Prominent personalities from the civil society on Friday participated in a massive rally that meandered down the streets here in a collective outcry against the growing incidence of atrocities against women, including rape in different parts of the State.

Surprisingly, flags of political parties were missing in the rally, a sharp contrast to other rallies the city has witnessed. Instead, there were banners that condemned the recent rape and murder instances in Barasat and Gaighata.

The protesters had come out in their hundreds. Among them were poets and novelists, film and theatre personalities, painters and social activists and economists.
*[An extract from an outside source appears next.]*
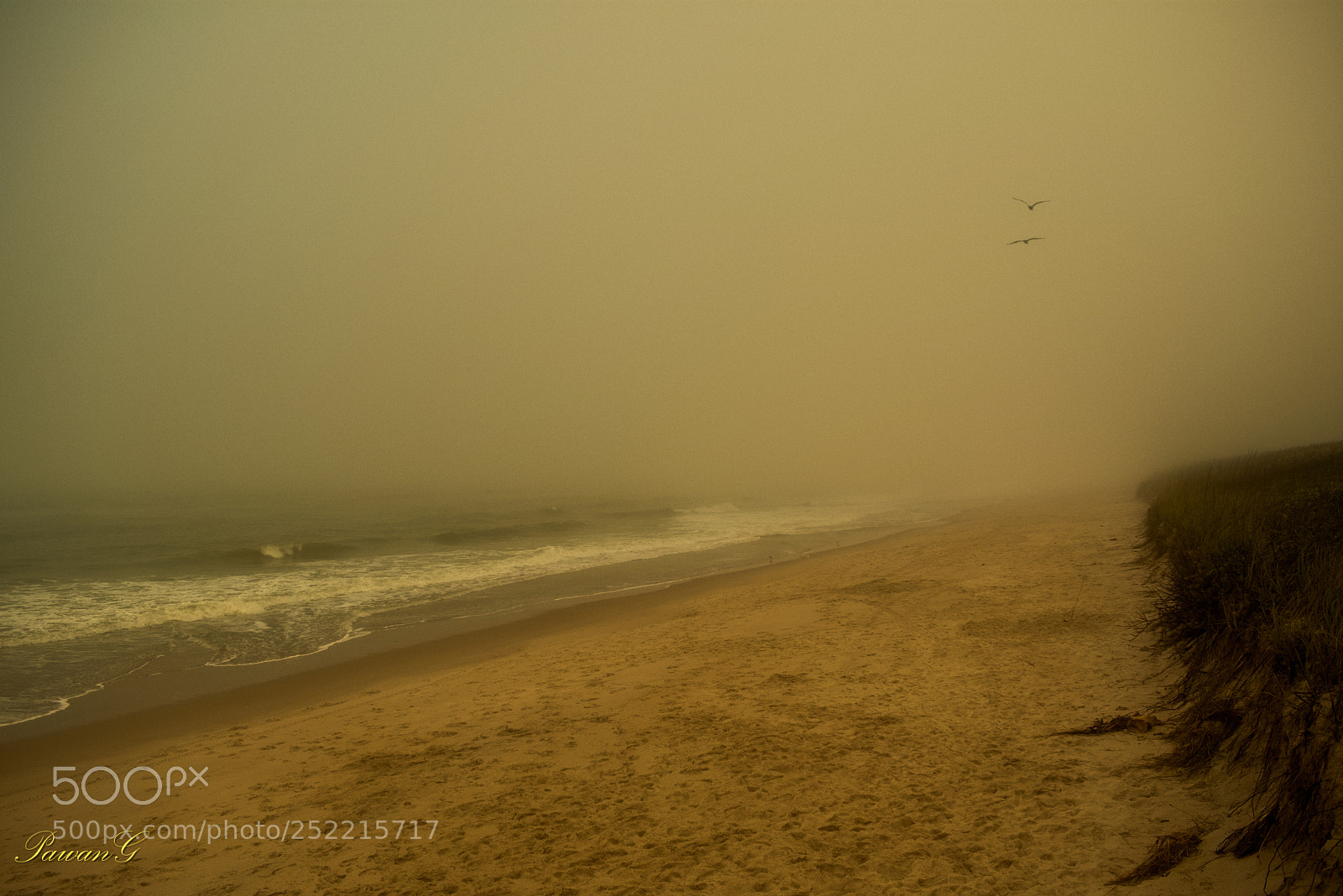 Nikon D3400 sample photo. Foggy beach in sunny photography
There were the young and the elderly, drawn from different walks of life but sharing a common resolve: “Atrocities against women must end.”

The rally was marked by a spontaneity that saw it swell as it wended its way from College Square in the north to the Esplanade area in the heart of the city.

The procession was initially planned as a silent one. Filmmaker Suman Mukhopadhyay said: “We are not raising any slogans; our coming out on the streets is a slogan itself.” However, very soon the outrage found a verbal expression as voices were raised and protest songs rent the air, a sharp contrast to the scripted political slogans the city is otherwise used to hearing.

Some kin of the 20-year-old gang-rape and murder victim in Barasat of the State’s North 24 Parganas district were also present. Some of the city’s intelligentsia, who had took to the streets in November 2007 to protest against the police firing in Nandigram earlier that year during the Left Front’s government, were also present. Their resentment was directed towards the Trinamool Congress government.

Poet Shankha Ghosh, one of the conveners of the march, said people would “have to come forward, rise above party politics, and put up a strong and unified social resistance against crimes against women.” Among others were economist Ashok Mitra, painter Samir Aich, thespian Rudraprasad Sengupta and actor Biplab Chakravarty.